Il generale La Marmora, che si trovò casualmente il mattino sulle alture presso Custoza allorché si udirono i primi colpi, in luogo di recarsi prontamente al posto di comando per ricevere notizie, dare ordini e organizzare la battaglia, volle personalmente interessarsi di minute disposizioni di spettanza degli ufficiali dei reparti; e poi vagò dietro la linea di fuoco preoccupandosi di assicurare la ritirata quando ancora, per la quantità delle forze in misura di accorrere alla lotta, sarebbe stato possibile conseguire una vittoria. Così il La Marmora finì per essere assente dalla battaglia che avrebbe dovuto guidare.
Neppure nel campo austriaco si prevedeva di dover incrociare quel giorno le armi; tuttavia le truppe dell'arciduca Alberto marciarono raccolte e in modo da essere in grado di far fronte ad ogni evenienza, e il comandante in capo dell'armata del Veneto seguì la battaglia personalmente, intervenendo nei momenti più importanti con ordini chiaramente formulati e inspirati a un sano concetto organico.
In conclusione, possiamo affermare che la battaglia di Custoza non fu una sconfitta per le truppe italiane che vi combatterono valorosamente; ma fu dolorosa e ammonitrice constatazione di deficienze funzionali dei più alti comandi.

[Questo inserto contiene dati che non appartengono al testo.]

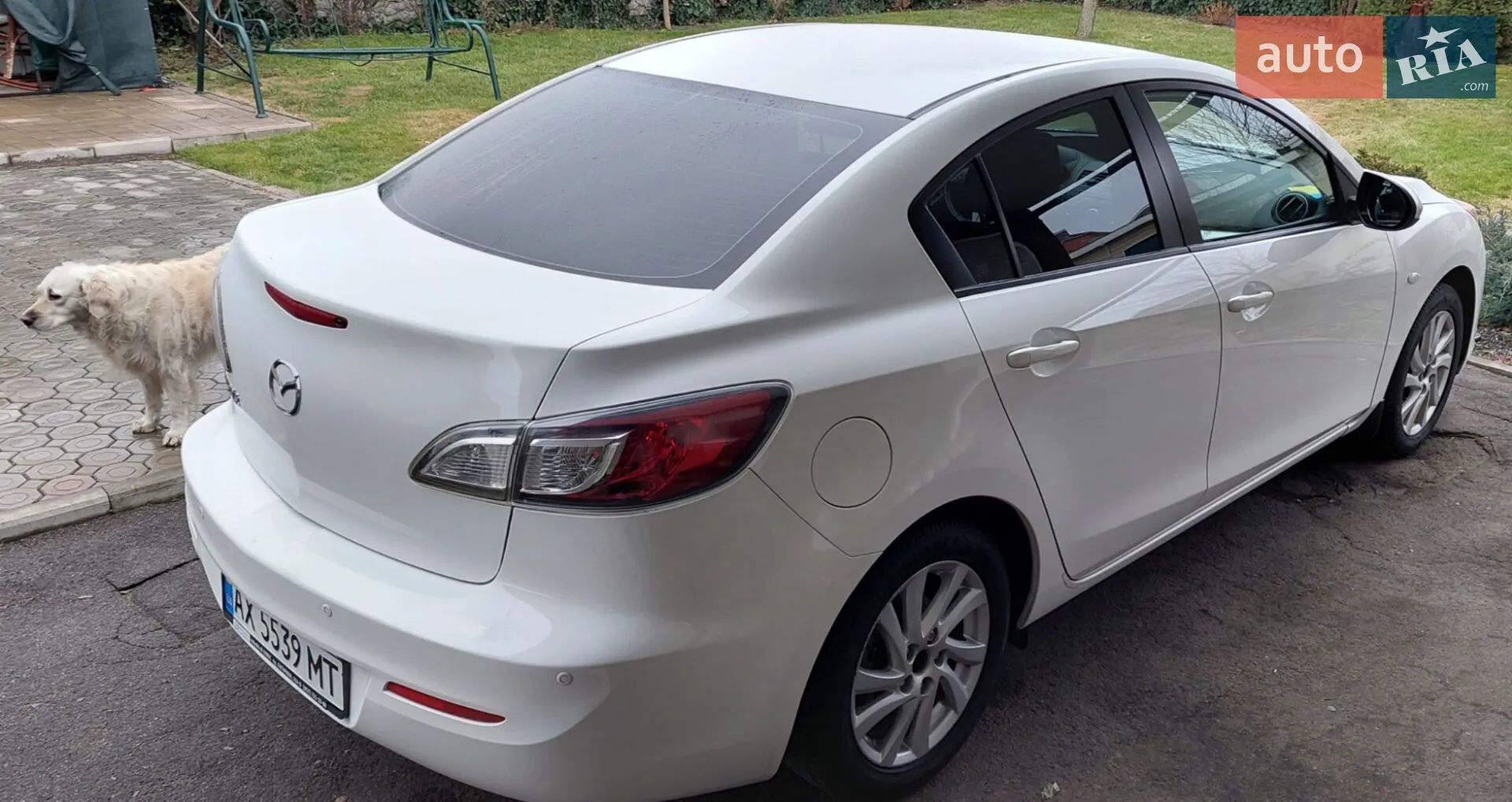 2012 Mazda 3 - мініатюра 5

Strategicamente, Custoza non si può considerare battaglia decisiva, tanto è vero che l'esercito italiano fu in grado, pochi giorni dopo, di riprendere una vigorosa azione offensiva. Ma l'indugio di 20 giorni nell'invasione del Veneto fu sicuramente la ragione del ritardo col quale gl'Italiani arrivarono nel Friuli orientale, del conseguente malcontento manifestato dalla Prussia alleata e dell'assurdo confine che ha gravato sull'anima e sulla politica italiana dal 1866 al 1918.
Bibl.: Alf. La Marmora, Rapporto su le operazioni militari del 23 e 24 giugno 1866, Firenze 1868; G. Ulloa, L'esercito italiano e la battaglia di Custoza, Firenze 1866; Alf. La Marmora, Schiarimenti e rettifiche, Bologna 1868; La Marmora e la campagna del 1866 (in risposta all'opuscolo di Bologna e alla lettera del generle Sirtori), Firenze 1868; J. Vial, Étude sur la campagne de 1866 en Italie, et sur la bataille de Custoza, Parigi 1870; L. Chiala, Cenni storici su la campagna del 1866 e su la battaglia di Custoza, Parigi 1872; J. V. Lemoyne, Campagne de 1866 en Italie et bataille de Custoza, Parigi 1872; Alf. La Marmora, Un po' più di luce su gli eventi politici e militari del 23 e 24 giugno 1866, Firenze 1873; C. Mathes von Bilabruck, Taktische Studie über die Schlacht von Custozza im Jahre 1866, Vienna 1891; Ad. Strobl, Custozza, kurze Darstellung der Ereignisse vor und in der Schlacht bei Custozza 1866, Vienna 1897; G. Pollio, Custoza 1866, Torino 1903; A. De Mayo, Leggendo "Custoza", Roma 1911; A. Baldini, Il monito di Custoza, in Esercito e Nazione, 1926.